Y aún hoy sé que amar a Mona es un acto inextricable. Dany murió hace dos años, y estuve en su velorio. Unos cuantos parientes que sentían alivio por haberse librado de un indeseable y lo disimulaban mal, una madre que no se consolaba de la muerte de su hijo, y que repetía que era un buen chico. Yo también lo creo. Lo cree Mona, pero estoy seguro que el resto de personas que asistieron no. Muchas tenían alguna queja contra él: un artefacto robado, un préstamo no devuelto, un hurto mientras le daban la espalda, y no sé cuántas quejas más. De los últimos amigos de sus andanzas, aparecieron unos cuántos, y para ver si pasaban alguna bebida fuerte, como no fue así, se marcharon enseguida.

Mona se mantuvo a mi lado y sufrió sin revelarlo. La señora Norma, la madre de Dany, extrañada de mi presencia de la que no había vuelto a saber desde que me fui del barrio, me agradeció que estuviera ahí. Me encontré con algunas personas que no veía hace años.

Después de esa mañana volví por ella.

Desembolsé dinero para que Mona no se entregara a nadie para financiar su adicción, o la de Dany. Por él dejé de sentir afecto. La lástima me ganó y una amistad basada en lástima no tiene sentido. Sé que Mona no siente por mí lo que sintió por Dany, pero también sé que lo que sintió por él no fue amor verdadero. Entre ellos había dejado de existir toda relación carnal. Él dejó de tener interés por cualquier mujer, incluida su madre.

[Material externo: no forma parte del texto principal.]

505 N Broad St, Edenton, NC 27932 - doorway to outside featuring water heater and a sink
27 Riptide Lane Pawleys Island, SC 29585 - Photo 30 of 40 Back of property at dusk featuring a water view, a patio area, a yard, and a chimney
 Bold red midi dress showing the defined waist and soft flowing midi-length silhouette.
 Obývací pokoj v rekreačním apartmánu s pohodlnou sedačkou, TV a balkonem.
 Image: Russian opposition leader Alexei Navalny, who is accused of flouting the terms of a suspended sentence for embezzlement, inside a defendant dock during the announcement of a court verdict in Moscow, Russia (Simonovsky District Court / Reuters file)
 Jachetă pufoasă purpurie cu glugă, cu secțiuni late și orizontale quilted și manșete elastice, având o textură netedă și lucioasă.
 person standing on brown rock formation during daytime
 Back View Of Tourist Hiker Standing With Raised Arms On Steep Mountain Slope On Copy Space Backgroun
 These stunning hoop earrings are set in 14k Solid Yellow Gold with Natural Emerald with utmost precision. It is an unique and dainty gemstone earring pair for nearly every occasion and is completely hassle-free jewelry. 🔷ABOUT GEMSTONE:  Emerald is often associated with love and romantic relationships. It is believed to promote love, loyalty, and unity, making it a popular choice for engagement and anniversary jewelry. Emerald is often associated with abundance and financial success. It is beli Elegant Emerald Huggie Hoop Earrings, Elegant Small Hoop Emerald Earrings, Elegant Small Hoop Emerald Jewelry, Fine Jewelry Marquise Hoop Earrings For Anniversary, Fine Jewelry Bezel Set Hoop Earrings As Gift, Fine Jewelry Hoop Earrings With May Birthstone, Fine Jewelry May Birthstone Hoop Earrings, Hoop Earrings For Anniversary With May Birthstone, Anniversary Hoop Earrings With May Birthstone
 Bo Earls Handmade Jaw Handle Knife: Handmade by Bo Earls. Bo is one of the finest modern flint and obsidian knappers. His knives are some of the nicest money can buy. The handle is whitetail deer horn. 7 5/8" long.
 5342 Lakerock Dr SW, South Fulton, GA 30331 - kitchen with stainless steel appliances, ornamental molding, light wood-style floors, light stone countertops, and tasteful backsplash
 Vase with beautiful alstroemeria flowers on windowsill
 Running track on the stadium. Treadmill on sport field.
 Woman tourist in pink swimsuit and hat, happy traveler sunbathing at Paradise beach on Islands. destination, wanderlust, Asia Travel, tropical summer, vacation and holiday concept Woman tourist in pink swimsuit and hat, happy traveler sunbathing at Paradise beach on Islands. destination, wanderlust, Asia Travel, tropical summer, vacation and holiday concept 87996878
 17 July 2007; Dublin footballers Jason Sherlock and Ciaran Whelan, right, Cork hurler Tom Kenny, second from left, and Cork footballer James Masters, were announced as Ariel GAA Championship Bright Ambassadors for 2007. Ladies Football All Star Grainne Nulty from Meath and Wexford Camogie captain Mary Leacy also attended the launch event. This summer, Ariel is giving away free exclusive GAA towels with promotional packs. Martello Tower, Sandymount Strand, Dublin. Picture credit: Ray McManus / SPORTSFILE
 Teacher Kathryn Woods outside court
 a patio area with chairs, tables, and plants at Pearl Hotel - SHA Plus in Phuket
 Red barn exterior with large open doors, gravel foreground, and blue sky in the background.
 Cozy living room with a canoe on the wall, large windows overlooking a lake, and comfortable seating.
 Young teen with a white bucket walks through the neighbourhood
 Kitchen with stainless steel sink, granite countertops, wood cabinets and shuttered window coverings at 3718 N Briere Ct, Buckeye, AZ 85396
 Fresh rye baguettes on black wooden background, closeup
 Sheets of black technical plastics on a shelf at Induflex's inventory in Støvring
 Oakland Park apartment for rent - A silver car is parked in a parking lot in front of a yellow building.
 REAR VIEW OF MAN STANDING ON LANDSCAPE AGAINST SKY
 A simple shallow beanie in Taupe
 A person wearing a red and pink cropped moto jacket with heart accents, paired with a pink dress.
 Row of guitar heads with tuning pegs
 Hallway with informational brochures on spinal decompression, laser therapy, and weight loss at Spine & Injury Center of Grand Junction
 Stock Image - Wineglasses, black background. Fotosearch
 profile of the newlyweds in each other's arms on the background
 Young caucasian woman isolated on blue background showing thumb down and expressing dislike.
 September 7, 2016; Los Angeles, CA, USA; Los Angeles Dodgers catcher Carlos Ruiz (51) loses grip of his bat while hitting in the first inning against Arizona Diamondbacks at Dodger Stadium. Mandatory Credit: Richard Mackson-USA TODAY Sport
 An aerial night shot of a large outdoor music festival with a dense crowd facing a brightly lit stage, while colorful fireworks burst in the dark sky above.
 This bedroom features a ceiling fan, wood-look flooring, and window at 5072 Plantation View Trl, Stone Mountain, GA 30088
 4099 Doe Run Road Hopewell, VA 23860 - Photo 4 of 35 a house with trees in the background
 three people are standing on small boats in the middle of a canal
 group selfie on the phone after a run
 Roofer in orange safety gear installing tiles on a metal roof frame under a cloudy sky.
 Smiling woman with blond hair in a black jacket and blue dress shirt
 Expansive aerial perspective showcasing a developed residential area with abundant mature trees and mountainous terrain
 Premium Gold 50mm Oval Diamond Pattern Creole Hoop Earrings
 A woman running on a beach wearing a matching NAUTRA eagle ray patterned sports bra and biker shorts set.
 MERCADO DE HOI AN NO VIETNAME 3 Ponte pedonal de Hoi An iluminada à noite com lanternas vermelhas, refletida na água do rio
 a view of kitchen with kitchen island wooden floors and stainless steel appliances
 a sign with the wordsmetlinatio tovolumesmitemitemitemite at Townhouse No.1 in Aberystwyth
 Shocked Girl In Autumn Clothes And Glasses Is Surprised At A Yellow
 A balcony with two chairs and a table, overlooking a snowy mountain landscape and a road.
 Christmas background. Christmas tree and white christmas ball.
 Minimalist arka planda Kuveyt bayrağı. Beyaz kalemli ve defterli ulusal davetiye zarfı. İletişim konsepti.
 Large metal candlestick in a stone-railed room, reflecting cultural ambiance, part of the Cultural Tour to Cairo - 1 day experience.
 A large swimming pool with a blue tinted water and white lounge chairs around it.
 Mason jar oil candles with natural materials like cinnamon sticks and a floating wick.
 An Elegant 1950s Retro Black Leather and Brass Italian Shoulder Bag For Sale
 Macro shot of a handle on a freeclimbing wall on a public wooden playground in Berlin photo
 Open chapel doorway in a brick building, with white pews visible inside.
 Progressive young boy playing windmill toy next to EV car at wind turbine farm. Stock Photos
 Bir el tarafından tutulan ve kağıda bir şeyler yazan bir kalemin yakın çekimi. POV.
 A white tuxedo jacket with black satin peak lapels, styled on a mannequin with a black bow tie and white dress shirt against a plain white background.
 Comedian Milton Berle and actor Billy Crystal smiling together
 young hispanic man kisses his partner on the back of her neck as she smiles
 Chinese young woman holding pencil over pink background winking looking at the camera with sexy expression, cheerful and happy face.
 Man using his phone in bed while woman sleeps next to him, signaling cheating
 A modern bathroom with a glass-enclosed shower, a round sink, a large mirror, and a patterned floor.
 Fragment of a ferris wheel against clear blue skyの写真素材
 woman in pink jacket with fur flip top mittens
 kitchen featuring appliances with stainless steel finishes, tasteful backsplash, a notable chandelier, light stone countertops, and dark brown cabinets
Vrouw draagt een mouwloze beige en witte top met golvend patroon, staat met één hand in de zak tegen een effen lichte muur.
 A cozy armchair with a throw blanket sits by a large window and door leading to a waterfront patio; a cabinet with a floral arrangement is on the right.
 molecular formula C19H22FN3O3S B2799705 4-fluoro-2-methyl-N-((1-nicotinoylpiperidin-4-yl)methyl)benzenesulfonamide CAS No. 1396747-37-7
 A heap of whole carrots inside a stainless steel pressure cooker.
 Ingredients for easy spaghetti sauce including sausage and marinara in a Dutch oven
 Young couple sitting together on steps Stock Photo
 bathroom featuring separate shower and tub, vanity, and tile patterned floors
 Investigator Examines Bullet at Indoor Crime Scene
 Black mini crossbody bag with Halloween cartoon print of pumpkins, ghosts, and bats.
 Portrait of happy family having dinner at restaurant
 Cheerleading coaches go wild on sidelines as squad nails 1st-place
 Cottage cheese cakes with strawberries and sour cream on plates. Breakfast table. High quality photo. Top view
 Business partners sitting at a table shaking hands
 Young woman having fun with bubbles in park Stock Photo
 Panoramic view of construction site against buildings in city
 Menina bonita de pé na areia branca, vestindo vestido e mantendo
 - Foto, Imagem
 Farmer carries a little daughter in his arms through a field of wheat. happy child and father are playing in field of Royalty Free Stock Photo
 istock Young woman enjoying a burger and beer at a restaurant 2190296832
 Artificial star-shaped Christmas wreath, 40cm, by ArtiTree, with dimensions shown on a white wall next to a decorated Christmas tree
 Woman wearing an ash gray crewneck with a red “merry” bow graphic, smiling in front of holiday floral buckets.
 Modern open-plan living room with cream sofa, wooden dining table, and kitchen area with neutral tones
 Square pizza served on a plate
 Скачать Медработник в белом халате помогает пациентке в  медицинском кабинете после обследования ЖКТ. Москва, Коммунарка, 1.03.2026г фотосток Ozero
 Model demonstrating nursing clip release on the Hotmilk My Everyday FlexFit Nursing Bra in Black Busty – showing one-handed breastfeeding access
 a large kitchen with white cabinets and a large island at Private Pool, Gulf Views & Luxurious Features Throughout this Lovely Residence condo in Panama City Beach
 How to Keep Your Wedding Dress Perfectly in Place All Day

Su único gesto de respeto hacia mí fue no haber aceptado esa noche mi dinero. No sé si su aprecio fue genuino, pero no me importa. La versión de ella es que me respetaba. Pero apenas volvió a verla le pidió dinero para perderse. Una noche sin drogarse había sido más que suficiente.

Ella nunca le dijo que me siguió frecuentando, y él jamás preguntó por la procedencia del dinero que ella le traía, ni por las mínimas cosas que le compraba para su subsistencia.

Y sin embargo a mí, miles de veces me echó de su lado por tratar de impedir que siguiera viéndolo. Cuando esta lúcida es una persona fuera de serie, pero cuando se abandona a su desgracia es difícil de lidiar. Sus conocidos me conocen y he tenido uno que otro altercado con alguno, pero leves, y han aprendido a soportarme. La práctica me ha convertido en un experto en manejarlos. Ahora no se meten conmigo ni con ella, que ya no necesita su cuerpo para conseguir unos gramos de muerte. Saben que cada vez que la encuentro con ellos la levanto en peso para llevármela a casa, pues se mudó conmigo luego de unos meses de conocerme. Ya no está Dany. Está conmigo, y siento que algo del dolor que ella sintió por él, se ha trasferido a mí para ahora sentirlo por ella.